Give the number of lines in the following entries that contain the word "Modern", with nothing added.

====================

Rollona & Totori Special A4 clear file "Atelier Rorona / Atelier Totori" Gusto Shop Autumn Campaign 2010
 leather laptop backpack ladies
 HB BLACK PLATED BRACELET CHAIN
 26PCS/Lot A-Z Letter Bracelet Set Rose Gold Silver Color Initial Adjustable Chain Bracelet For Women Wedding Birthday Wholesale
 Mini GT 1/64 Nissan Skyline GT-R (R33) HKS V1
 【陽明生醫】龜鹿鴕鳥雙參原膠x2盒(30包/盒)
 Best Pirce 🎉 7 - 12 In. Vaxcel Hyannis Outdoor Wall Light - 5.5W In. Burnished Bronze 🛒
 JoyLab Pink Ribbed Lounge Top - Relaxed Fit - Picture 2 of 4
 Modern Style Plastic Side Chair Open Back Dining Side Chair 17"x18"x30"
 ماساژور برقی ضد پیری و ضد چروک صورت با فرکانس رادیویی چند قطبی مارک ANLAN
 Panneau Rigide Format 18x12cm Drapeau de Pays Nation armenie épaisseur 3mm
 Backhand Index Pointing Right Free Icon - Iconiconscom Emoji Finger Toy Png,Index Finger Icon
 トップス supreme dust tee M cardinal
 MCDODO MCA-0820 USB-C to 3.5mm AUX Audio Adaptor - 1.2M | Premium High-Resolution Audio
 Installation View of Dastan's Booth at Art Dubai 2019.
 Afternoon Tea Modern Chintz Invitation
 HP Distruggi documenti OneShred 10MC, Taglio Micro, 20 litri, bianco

====================

* ANSWER SPACE *
2